As I read this just now something rattled inside me and I realized she has verbalized that which I myself feel as well. I look forward to reading more of your words.
Posted by: Samosasforone | September 01, 2009 at 09:03 PM
So beautiful. I am always astounded by your courage. Thank you.
Posted by: asiyah | September 02, 2009 at 02:41 AM
I'm so glad you're having this time to do what you love and what you need. It's important, particularly as you're always giving so much of your time and energy to others. (I decided long ago that you are more than enough; in fact, you're quite special and many other people whose paths you've crossed undoubtedly agree). xo
Posted by: Paris Parfait | September 02, 2009 at 05:28 AM
Beautifully written and felt, Marianne. Thank you for sharing this.
Posted by: Emma | September 02, 2009 at 05:36 AM
oh beautiful woman, i am so very moved by this. tearful and nodding in agreement. i am just now deeply getting to the morsel of truth that in order to be of service in way that i want, to get my message out and open doorways of truth and freedom...i have to be the first to walk through. the first to break the lock...
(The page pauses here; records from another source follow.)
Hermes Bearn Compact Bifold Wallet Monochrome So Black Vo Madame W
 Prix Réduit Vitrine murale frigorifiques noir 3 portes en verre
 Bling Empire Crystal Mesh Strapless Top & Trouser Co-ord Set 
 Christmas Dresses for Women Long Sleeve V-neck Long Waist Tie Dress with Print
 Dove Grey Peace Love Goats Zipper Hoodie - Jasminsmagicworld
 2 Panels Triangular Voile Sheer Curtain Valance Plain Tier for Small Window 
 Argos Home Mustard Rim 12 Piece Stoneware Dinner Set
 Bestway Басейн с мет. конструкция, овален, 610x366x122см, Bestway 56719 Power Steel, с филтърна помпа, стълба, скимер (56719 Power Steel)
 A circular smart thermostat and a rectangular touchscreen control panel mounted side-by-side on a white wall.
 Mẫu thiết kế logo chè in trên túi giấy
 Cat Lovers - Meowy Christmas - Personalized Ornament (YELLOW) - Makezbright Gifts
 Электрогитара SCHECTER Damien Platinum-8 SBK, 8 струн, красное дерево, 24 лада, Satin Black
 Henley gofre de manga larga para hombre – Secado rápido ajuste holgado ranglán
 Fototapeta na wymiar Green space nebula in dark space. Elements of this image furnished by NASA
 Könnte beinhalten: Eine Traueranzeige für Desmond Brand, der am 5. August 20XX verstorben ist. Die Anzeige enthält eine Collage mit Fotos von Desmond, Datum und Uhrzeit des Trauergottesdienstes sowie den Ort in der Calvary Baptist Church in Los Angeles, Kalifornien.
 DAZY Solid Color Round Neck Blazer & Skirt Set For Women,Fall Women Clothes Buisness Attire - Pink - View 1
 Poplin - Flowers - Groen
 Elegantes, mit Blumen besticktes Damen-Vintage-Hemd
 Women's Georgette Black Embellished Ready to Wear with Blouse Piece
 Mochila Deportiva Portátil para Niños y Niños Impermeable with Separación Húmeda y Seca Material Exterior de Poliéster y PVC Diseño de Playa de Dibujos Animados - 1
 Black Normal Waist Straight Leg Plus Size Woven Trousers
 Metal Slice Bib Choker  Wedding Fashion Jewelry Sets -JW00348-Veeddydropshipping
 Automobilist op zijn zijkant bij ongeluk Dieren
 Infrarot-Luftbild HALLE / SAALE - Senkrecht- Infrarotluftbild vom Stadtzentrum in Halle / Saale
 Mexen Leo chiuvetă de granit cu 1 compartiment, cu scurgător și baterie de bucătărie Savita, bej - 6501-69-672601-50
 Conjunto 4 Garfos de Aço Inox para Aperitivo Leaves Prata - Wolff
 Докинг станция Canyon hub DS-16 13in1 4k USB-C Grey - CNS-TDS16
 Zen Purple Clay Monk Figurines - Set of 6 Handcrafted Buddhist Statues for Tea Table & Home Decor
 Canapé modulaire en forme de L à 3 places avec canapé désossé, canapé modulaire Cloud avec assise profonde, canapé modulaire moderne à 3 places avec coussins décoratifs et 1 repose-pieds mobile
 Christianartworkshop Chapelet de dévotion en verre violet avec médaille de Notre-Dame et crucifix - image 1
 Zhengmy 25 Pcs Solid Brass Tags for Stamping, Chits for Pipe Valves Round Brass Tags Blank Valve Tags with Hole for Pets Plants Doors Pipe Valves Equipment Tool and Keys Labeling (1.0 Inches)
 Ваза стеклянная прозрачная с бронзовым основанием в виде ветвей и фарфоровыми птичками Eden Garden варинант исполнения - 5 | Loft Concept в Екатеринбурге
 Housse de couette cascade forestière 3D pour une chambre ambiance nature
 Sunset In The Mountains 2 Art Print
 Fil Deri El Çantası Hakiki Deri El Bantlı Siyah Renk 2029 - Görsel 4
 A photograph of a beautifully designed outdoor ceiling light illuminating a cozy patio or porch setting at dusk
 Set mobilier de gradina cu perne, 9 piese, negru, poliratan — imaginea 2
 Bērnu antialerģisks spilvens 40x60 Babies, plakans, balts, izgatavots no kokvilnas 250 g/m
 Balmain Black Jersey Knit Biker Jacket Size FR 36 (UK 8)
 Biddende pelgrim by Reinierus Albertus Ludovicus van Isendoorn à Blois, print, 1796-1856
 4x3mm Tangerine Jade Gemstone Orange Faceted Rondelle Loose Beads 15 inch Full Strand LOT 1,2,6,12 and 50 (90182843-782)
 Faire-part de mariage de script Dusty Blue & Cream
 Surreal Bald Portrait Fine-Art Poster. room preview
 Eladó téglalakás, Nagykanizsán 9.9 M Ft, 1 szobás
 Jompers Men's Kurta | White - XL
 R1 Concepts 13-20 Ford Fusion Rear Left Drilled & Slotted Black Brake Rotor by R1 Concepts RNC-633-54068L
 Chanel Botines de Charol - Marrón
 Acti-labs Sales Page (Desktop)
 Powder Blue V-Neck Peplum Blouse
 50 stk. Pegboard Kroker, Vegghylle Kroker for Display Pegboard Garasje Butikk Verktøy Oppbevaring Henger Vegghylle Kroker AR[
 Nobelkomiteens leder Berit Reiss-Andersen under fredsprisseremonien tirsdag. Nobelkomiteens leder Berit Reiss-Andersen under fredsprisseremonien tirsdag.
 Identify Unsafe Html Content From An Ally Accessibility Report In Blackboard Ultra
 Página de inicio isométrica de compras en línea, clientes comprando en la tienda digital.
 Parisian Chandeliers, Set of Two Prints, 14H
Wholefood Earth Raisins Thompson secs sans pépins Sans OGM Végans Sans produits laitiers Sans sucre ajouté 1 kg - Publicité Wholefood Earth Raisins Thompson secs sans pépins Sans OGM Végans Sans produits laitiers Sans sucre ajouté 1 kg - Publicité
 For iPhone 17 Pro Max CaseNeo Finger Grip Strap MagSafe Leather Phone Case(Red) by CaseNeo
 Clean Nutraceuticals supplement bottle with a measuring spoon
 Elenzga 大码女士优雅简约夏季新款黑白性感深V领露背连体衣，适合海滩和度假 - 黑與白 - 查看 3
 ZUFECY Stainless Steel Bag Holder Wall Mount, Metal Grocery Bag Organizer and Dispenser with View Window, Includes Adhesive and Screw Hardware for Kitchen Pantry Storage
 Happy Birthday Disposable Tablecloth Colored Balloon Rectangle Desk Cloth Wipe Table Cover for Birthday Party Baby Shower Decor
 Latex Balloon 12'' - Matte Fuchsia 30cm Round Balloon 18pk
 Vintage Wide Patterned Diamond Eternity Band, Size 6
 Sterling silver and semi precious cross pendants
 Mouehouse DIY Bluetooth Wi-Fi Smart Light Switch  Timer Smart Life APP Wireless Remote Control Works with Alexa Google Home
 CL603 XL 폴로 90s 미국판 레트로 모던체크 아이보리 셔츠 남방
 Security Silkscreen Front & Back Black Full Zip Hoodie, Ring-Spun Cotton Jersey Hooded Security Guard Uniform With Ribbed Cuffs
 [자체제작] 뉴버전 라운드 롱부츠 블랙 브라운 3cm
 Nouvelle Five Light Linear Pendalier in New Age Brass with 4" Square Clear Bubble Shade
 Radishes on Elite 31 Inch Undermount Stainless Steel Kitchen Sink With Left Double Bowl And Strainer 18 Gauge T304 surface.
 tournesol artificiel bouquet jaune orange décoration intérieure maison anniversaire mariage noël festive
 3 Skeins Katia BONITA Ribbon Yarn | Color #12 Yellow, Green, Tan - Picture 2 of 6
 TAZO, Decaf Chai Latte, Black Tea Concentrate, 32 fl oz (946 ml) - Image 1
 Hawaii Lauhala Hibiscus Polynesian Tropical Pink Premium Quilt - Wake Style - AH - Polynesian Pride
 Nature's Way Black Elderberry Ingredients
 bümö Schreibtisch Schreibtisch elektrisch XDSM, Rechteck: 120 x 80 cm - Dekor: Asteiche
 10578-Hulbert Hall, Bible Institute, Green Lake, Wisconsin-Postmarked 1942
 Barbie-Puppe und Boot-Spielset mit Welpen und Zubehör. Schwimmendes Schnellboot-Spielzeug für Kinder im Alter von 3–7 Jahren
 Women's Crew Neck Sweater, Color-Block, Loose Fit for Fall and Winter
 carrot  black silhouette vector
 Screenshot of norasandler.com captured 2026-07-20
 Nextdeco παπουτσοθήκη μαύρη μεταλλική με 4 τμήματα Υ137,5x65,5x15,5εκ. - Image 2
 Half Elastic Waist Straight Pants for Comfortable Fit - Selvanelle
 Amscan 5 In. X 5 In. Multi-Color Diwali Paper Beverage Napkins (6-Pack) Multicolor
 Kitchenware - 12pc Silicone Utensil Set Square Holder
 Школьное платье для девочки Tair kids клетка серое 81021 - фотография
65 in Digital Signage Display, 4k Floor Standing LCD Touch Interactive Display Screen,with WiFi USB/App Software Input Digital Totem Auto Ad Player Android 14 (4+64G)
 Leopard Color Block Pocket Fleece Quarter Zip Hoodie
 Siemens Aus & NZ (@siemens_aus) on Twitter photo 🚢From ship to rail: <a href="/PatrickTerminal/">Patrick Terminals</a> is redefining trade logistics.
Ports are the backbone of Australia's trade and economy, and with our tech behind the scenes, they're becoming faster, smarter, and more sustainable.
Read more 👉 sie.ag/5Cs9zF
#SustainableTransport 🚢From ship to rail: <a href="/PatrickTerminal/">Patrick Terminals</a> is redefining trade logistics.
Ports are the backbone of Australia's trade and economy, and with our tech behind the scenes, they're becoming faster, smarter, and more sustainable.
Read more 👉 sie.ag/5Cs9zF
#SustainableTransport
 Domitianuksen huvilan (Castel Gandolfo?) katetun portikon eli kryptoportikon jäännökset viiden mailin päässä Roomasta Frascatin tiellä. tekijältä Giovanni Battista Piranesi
so proud of you. you are all things and so beyond "enough".
much love, lisa
Posted by: doorways traveler | September 02, 2009 at 11:50 AM
What an eloquent entry!!! Don't you love when synchronicity occurs? Makes the message that much more powerful. I don't know if I would have had the courage to sing in front of 45 people, so I'm really proud of you for doing it. :)
Posted by: Andi | September 02, 2009 at 12:49 PM
This past and your last post really resonated with me, Marianne. I admire your courage in opening up so fully and voicing - singing! - out the words that you needed to hear. I think I would have been dreading the moment when I was to sing out my own words...how would my words be perceived?...but then that's the whole point, isn't it? To say those words to/for yourself and to trust that those around you will be kind to your heart.
I'm glad that the time spent in Big Sur was so fulfilling for you. :)
Posted by: susanna | September 02, 2009 at 01:39 PM
Goosebumps and tears and awe.
Posted by: Swirly | September 04, 2009 at 02:51 AM
I needed to hear this. Now I need to muster enough courage to say it.
Warm regards,
Posted by: Lubna | September 05, 2009 at 03:34 AM
No words...just admiration for your bravery! Loving oneself, knowing that 'i am enough' is truly one of the bravest things you can do xx
Posted by: linni | September 06, 2009 at 03:52 AM
So beautiful!
I am actually planning on putting a large sheet of paper on my living room wall which says: I am enough as I am right now.
Thank you for sharing!
Posted by: Steffi | September 07, 2009 at 08:14 AM
Good for you! You are indeed enough, right now.
On Mon, Sep 7, 2009 at 8:14 AM, wrote:
Posted by: Marianne | September 08, 2009 at 10:44 AM
We are enough and so much more, aren't we all? We definitely need to start owning it. Wish i were there in BS with you. Maybe next year xo
Posted by: gypsy Alex | September 21, 2009 at 04:41 AM
Marianne, this really moved me. I have been struggling with that very question also for so long. Am I enough? Am I doing enough, being enough? Especially can I be enough without a partner beside me, and children etc. I'm glad I met you in Ubud and found your site. Much love. Stephx
Posted by: StephK | September 27, 2009 at 07:45 PM
Just read this post of yours - so beautiful!